Exercise requirements. Print only the lines below from the one with "ÖZEL MAVİ DÜŞLER SANAT KURSU" to the one with "ANTEP İŞİ NAKIŞI", both included, exactly as they stand. Leave pictures out.

Exercise inputs.
----------------

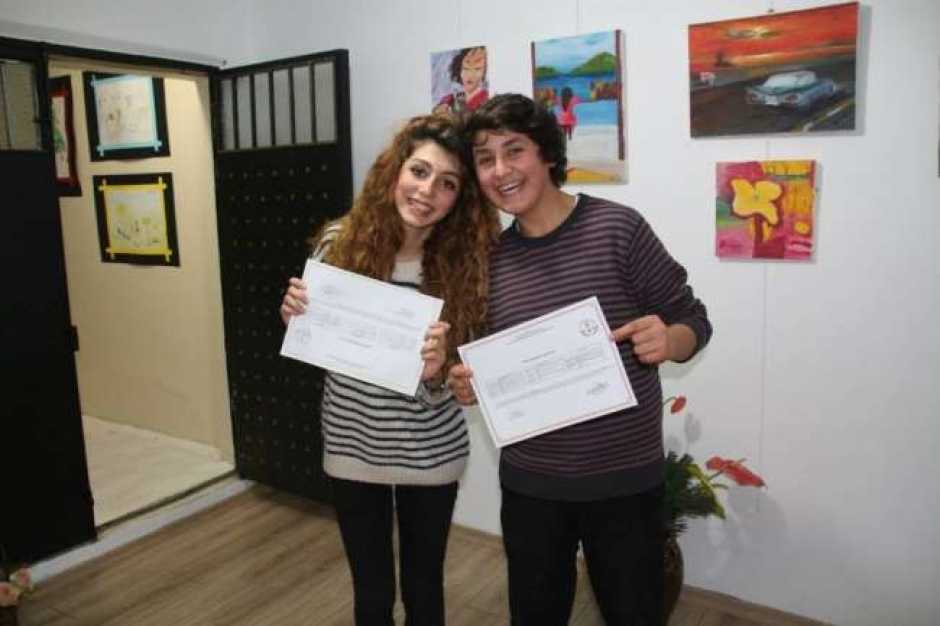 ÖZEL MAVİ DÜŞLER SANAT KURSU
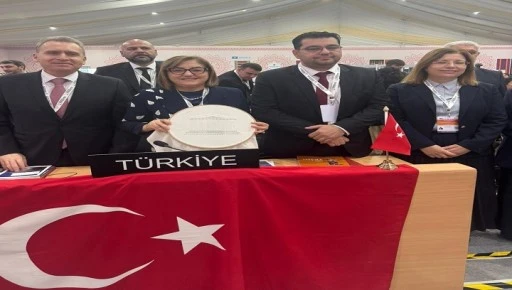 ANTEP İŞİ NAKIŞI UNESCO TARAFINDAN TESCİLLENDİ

----------------

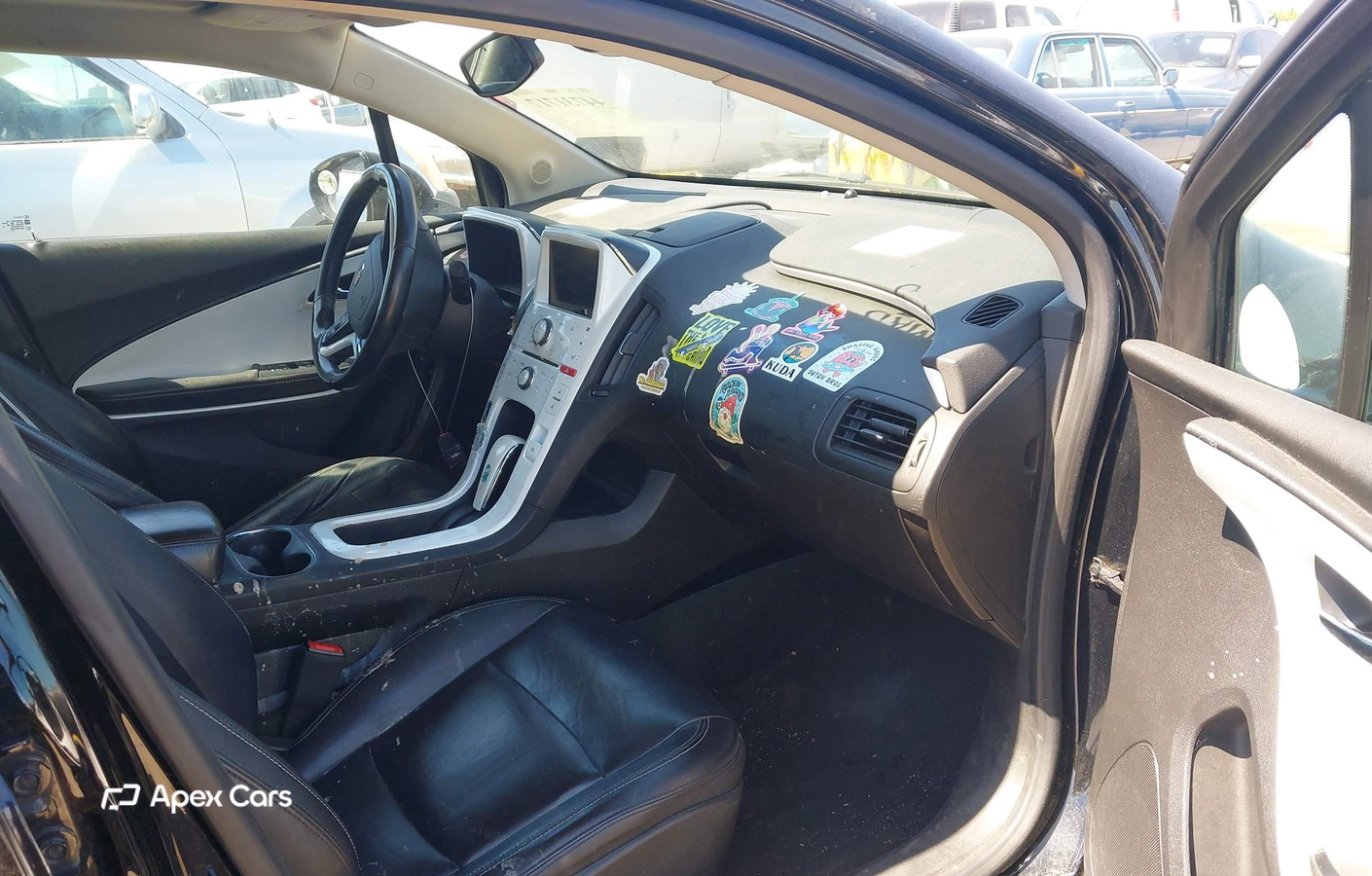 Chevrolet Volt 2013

----------------

Response box.
 ÖZEL MAVİ DÜŞLER SANAT KURSU
 ANTEP İŞİ NAKIŞI UNESCO TARAFINDAN TESCİLLENDİ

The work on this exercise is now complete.